The benchmark measures deep, graduate-level scientific reasoning. A frequently cited subset, GPQA Diamond, contains the highest-quality, most difficult questions where expert agreement is strong, and is the usual headline.
Methodology
Each question was written by an expert, then validated by other experts in the same field and by non-experts who were allowed extensive web search. Items were kept only if domain experts answered them correctly while skilled non-experts mostly failed even with search, calibrating real difficulty.
Evaluation is multiple choice, scored by accuracy. Reasoning models typically use chain-of-thought and may sample multiple times. Because the set is small, scores carry meaningful variance, so multiple runs and the Diamond subset are commonly reported.
How to Interpret Results
Expert humans in their own field score around 65 to 75 percent; skilled non-experts with web access score far lower. A model exceeding the non-expert baseline shows real reasoning rather than retrieval, and top reasoning models now match or surpass expert-level accuracy on Diamond.

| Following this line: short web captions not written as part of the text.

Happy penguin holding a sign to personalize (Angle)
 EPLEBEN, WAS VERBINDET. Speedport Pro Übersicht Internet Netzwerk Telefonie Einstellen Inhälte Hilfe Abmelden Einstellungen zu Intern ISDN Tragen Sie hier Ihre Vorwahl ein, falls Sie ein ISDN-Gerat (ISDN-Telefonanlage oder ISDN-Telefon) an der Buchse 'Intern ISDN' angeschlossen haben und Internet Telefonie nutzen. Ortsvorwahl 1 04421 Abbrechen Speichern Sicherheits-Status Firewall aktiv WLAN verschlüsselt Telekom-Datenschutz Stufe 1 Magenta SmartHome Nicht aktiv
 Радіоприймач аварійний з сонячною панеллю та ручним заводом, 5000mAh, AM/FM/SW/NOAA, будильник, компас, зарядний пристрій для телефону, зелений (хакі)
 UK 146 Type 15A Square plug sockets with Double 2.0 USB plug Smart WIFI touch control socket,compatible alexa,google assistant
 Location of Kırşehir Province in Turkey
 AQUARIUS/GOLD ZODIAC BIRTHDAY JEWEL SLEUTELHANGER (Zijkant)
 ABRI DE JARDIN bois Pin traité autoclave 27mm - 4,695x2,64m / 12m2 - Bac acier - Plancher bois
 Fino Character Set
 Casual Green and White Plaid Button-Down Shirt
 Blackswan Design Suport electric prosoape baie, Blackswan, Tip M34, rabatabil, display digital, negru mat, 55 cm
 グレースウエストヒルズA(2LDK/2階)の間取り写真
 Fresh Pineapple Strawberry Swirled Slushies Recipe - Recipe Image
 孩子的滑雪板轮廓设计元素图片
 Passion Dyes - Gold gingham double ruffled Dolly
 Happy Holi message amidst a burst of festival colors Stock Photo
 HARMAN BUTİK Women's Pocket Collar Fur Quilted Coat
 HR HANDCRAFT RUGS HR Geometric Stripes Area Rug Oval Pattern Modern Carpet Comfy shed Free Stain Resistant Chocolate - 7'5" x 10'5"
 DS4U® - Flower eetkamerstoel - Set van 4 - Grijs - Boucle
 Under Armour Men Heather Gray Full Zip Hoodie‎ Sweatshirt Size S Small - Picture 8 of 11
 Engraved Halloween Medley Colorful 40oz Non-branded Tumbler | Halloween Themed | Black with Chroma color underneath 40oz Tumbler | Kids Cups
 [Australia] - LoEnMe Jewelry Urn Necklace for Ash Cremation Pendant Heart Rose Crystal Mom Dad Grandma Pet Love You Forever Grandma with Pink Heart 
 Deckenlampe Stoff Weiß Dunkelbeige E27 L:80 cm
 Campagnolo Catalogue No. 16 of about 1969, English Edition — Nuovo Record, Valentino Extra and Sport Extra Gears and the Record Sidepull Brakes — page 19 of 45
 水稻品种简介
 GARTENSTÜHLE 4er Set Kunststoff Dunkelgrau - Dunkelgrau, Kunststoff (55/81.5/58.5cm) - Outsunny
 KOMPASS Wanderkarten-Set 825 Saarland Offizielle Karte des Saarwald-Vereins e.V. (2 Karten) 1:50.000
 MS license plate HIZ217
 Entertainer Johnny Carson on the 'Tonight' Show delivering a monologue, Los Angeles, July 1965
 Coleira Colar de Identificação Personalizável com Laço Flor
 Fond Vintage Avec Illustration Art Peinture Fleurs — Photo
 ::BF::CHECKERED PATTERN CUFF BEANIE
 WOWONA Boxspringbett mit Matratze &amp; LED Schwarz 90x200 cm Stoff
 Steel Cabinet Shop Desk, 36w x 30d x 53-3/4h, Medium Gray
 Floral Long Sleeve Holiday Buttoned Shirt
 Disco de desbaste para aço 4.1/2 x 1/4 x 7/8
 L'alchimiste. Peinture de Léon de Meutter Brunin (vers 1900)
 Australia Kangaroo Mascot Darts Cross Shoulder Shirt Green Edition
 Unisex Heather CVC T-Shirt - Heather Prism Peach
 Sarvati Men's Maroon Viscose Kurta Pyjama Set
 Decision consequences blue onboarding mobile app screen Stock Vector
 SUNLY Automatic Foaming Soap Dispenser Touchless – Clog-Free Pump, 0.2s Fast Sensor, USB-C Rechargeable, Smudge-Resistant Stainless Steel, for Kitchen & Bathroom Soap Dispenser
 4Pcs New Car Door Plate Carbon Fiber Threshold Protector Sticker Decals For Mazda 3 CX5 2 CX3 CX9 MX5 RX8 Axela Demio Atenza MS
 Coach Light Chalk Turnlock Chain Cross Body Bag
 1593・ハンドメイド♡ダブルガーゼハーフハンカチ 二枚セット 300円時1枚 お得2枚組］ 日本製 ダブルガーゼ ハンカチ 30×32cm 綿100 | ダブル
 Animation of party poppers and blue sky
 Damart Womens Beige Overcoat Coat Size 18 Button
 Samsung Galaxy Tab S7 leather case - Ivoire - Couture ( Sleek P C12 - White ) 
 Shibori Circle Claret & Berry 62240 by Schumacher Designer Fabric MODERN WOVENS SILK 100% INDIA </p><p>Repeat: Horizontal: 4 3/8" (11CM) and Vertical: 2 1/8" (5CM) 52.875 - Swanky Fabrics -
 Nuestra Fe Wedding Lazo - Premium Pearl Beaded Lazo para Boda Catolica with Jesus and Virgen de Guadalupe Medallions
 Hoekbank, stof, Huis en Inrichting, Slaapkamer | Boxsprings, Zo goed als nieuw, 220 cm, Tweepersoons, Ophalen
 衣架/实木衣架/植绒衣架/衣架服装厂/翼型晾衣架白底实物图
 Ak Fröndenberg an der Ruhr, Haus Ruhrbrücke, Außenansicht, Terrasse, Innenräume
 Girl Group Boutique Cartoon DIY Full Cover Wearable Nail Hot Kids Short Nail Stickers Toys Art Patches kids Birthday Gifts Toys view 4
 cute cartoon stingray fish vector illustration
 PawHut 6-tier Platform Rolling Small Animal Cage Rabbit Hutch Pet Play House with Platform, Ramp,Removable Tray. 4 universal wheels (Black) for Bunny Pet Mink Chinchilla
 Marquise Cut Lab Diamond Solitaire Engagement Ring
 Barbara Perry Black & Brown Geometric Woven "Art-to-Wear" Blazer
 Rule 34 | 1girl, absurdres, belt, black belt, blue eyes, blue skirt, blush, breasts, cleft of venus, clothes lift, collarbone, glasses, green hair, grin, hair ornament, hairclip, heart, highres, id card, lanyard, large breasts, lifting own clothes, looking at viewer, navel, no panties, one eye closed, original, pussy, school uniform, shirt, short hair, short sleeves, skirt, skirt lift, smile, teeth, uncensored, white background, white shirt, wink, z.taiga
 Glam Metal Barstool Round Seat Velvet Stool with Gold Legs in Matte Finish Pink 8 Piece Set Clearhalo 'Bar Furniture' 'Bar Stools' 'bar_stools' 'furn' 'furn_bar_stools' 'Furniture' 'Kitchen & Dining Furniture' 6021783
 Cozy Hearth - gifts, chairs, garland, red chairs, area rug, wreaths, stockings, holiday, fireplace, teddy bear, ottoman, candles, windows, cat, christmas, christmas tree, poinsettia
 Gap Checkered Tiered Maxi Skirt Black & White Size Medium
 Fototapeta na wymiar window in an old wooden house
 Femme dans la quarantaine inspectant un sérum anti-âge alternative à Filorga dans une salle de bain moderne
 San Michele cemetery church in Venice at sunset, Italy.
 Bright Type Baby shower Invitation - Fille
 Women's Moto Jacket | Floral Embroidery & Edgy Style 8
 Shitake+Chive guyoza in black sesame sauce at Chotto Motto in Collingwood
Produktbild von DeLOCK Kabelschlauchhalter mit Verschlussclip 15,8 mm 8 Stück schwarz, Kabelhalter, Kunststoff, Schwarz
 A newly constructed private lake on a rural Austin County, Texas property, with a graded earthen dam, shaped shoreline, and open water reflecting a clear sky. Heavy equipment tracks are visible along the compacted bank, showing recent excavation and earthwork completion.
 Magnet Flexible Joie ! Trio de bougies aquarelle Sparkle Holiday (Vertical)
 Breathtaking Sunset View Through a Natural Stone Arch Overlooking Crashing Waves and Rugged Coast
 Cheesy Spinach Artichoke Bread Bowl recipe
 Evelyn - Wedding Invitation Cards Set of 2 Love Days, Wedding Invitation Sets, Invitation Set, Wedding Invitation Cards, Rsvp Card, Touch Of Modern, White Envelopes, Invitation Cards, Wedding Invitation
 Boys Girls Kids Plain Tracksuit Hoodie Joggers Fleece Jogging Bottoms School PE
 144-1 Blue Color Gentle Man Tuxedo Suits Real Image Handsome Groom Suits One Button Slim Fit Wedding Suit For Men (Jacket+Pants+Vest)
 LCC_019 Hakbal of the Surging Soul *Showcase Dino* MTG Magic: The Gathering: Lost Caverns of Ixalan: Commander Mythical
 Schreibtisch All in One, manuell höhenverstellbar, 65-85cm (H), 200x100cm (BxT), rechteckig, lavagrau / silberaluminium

GPQA is one of the better current discriminators among elite models, so gains here are meaningful. Because of small size, treat differences of a few points cautiously and prefer averaged, multi-run results.
Limitations
The small question count makes scores noisy and sensitive to run-to-run variance. Coverage is limited to three science fields, so it does not measure general capability. Multiple-choice format still permits guessing. As frontier models approach expert accuracy, even GPQA is beginning to lose headroom, and its popularity raises future contamination risk despite its Google-proof design.
Practical Use
Because GPQA is small, report averaged accuracy over multiple runs and prefer the Diamond subset, and treat differences of a few points as noise. It is currently one of the better discriminators among elite reasoning models, so meaningful gains here are informative. Disclose sampling and prompting settings, since chain-of-thought and multiple-sample strategies drive results. For a fuller capability picture, combine GPQA with broad knowledge benchmarks and task-specific evaluation, as three science fields cannot represent general competence.